You don't know what else changed that accesses that memory, maybe nothing but ...

On Fri, Jul 26, 2024 at 11:37 AM flexoron @.***> wrote:

tpl with GSL v2.7.1 does not crash, too: v2.7.1: gsl_vector_uint * ipiv = gsl_vector_uint_alloc(minMN);

— Reply to this email directly, view it on GitHub https://github.com/trealla-prolog/trealla/issues/573#issuecomment-2251791593, or unsubscribe https://github.com/notifications/unsubscribe-auth/AFNKSEQS5TOG34EODYPAKJDZOGR4HAVCNFSM6AAAAABLOIBUKSVHI2DSMVQWIX3LMV43OSLTON2WKQ3PNVWWK3TUHMZDENJRG44TCNJZGM . You are receiving this because you commented.Message ID: @.***>

infradig commented 1 month ago

Added this to that function

      gsl_vector_uint * ipiv = gsl_vector_uint_alloc(minMN);
+      for (unsigned i = 0; i < ipiv->size; i++)
+       printf("*** [%u] %u\n", (unsigned)i, (unsigned)ipiv->data[i]);

and it shows all zero elements for x.c & some non-zero ones for x.pl

GSL 2.8 is buggy. It was only released a few months ago.

flexoron commented 1 month ago

Yes but this way: non-zero,zero,no-zero,zero,non-zero,zero, or 32,0,64,0,55,0,and so on Hmm what now. v2.7.1 is buggy too: result '-nan' is not correct. gsl_permutation_calloc/2 does not change it, too

flexoron commented 1 month ago

printf("FF pivi %u i %lu\n",pivi,i); if (p->data[pivi] != p->data[i]) it is the index value of pivi data[pivi] pivi 456910304 = data[456910304]

infradig commented 1 month ago

LU_decomp_L3() & apply_pivots() can't work if the vector ipiv wasn't zeroed properly, so pivi can be incorrect.

infradig commented 1 month ago

I would suggest submitting a bug report.
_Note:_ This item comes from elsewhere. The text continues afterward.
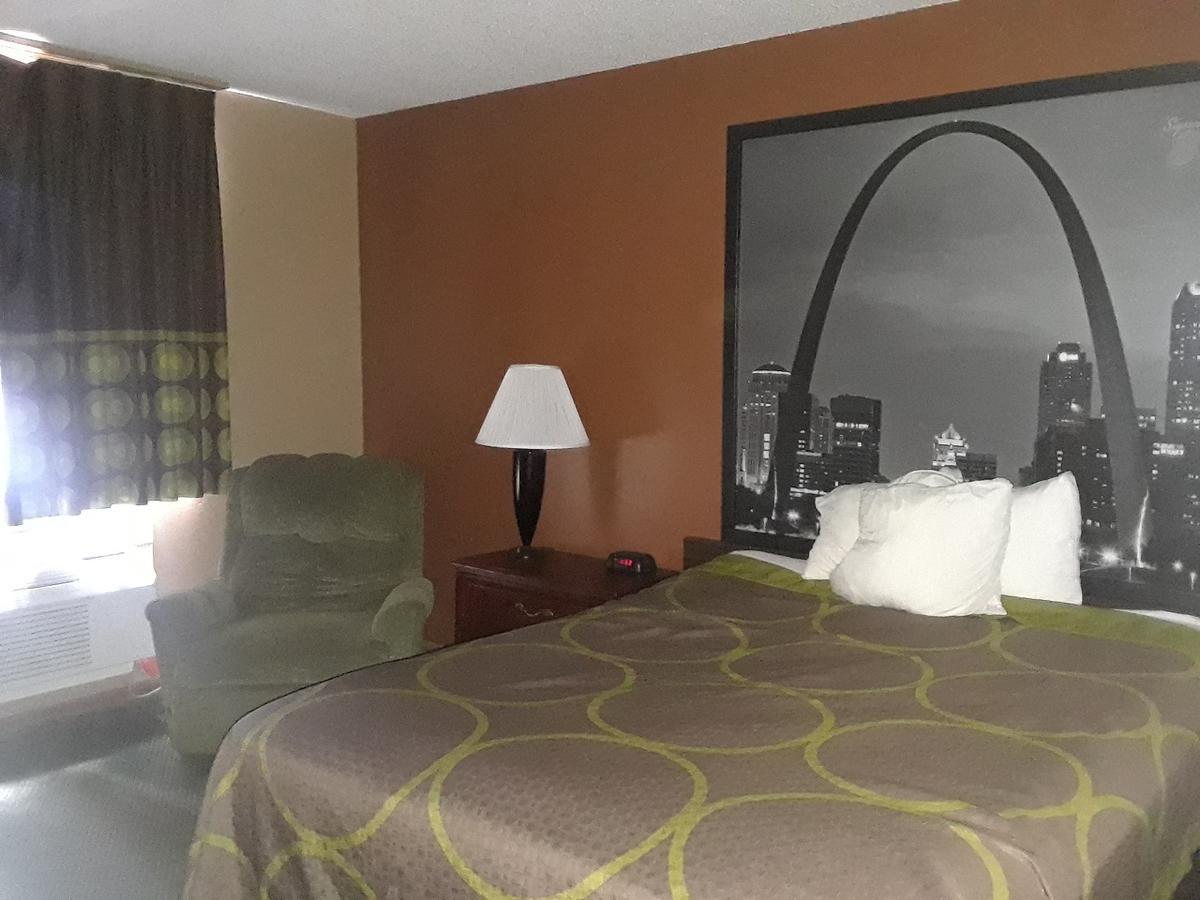 Super 8 By Wyndham Poplar Bluff Missouri Hotell Exteriör bild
I did one for GCC about 20 years ago, took about 6 months to get acted on.

flexoron commented 1 month ago

: gsl_matrix_calloc(Rows, Cols, M), gsl_permutation_alloc(Rows, P), write(M/P),nl, : 968671312 / 969277808 FF pivi 969168480 i 16 Segmentation fault (core dumped)
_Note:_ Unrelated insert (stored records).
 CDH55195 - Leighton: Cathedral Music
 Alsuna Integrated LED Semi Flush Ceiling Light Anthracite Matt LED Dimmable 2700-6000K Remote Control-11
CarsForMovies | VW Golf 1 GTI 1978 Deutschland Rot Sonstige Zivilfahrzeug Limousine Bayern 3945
You see this? The values of M and P and this pivi value are always too close. I don't think that this is by chance.

infradig commented 1 month ago

The memory can contain anything. If you dump the newly alloc'd vector it contains rubbish, which is useless as it's used without ever being initialized.

On Fri, Jul 26, 2024 at 12:14 PM flexoron @.***> wrote:

: gsl_matrix_calloc(Rows, Cols, M), gsl_permutation_alloc(Rows, P), write(M/P),nl, : 968671312 / 969277808 FF pivi 969168480 i 16 Segmentation fault (core dumped)

You see this? The values of M and P and this pivi value are always too close. I don't think that this is by chance.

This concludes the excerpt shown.